**Activity:** Set down the line containing "Música clásica en el Auditorio de Lucena" and each line after it through the last line of the records, exactly, leaving pictures out.

(Pictures with short captions)
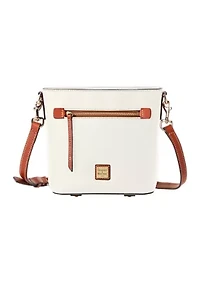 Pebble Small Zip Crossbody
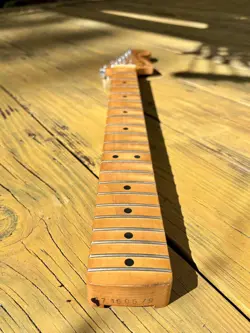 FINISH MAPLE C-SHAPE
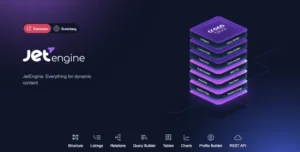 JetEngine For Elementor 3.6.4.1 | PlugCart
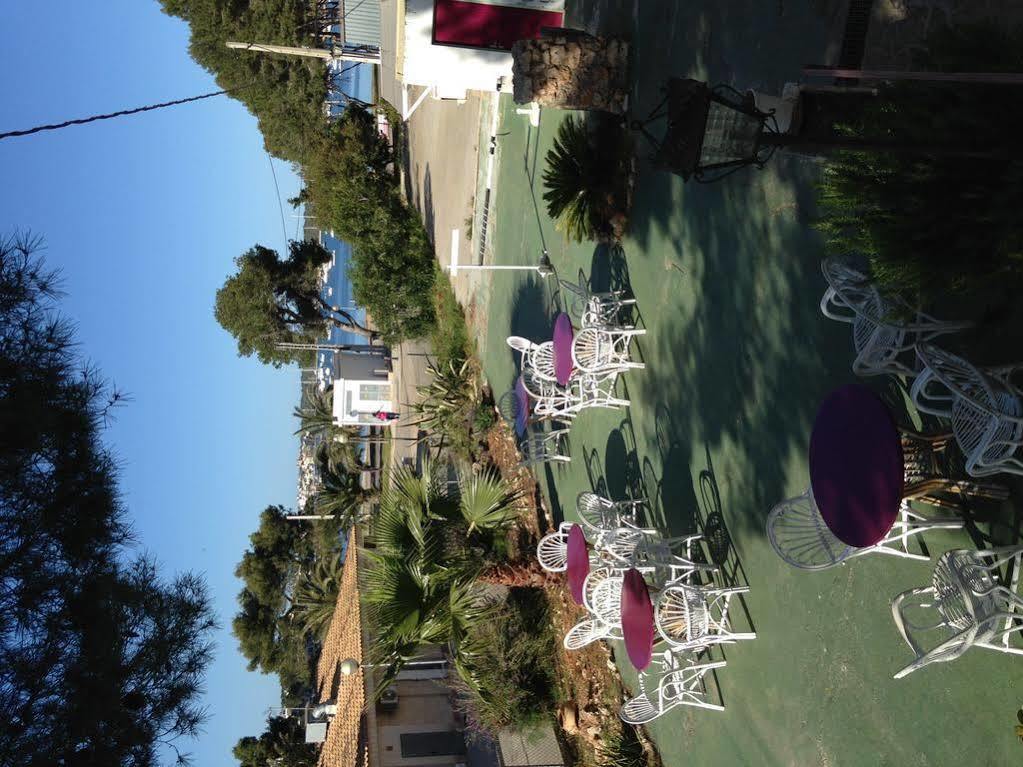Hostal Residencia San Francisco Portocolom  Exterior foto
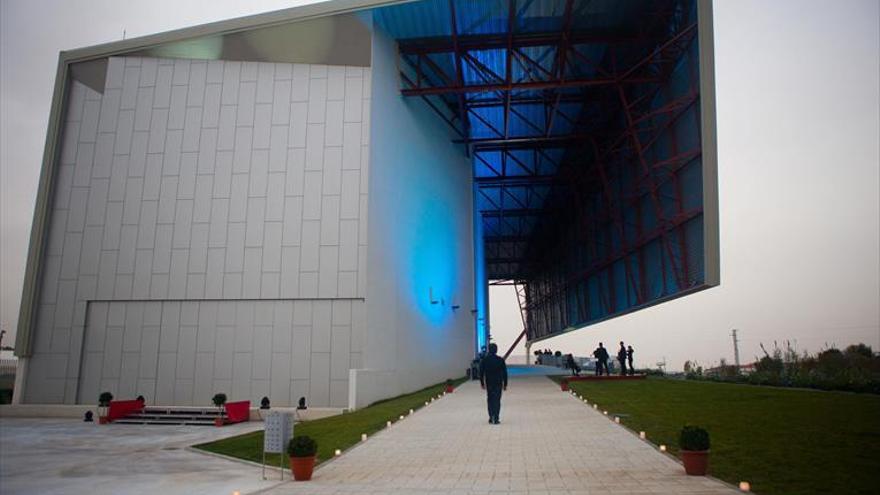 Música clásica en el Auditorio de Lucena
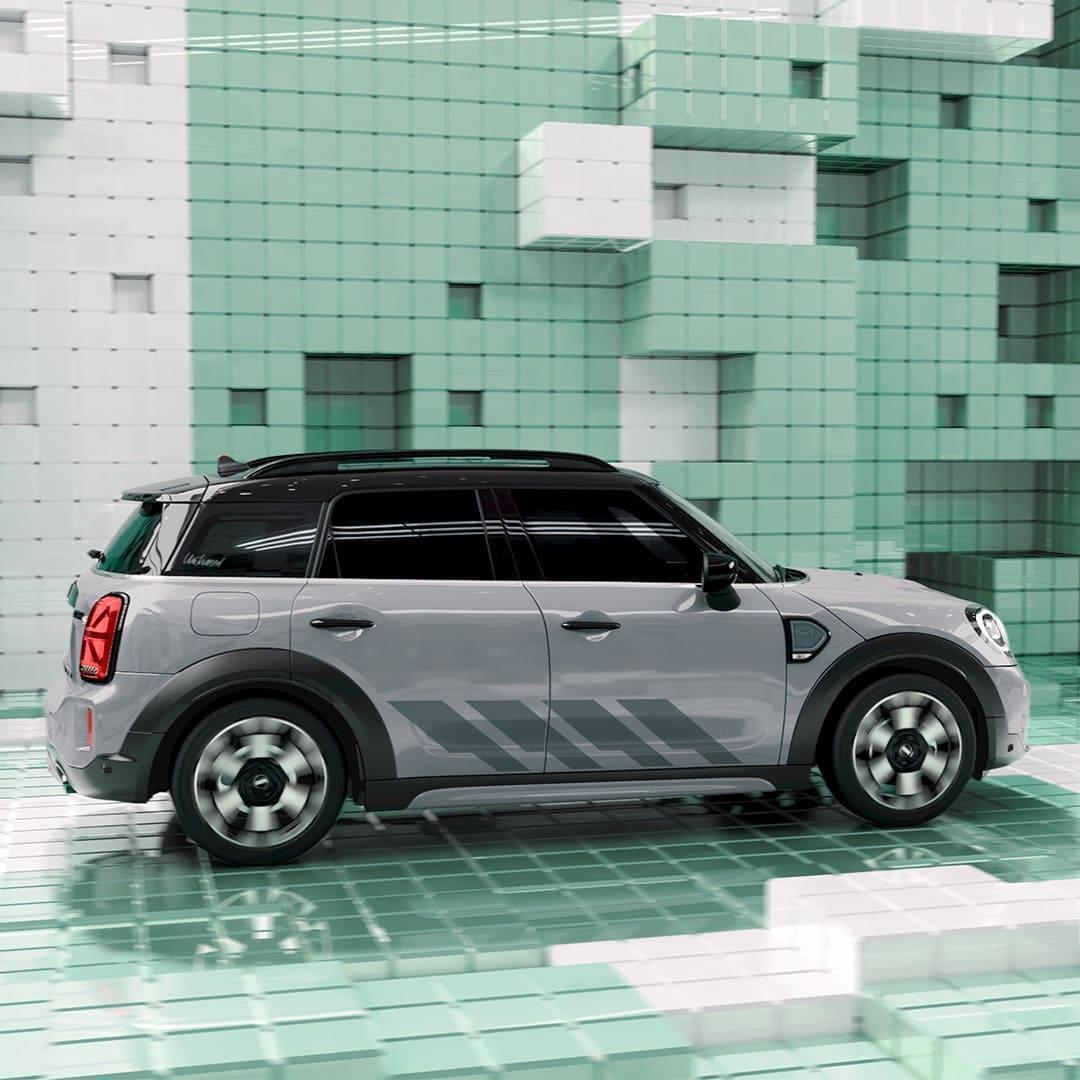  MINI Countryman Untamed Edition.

**Your response:**
 Música clásica en el Auditorio de Lucena
  MINI Countryman Untamed Edition.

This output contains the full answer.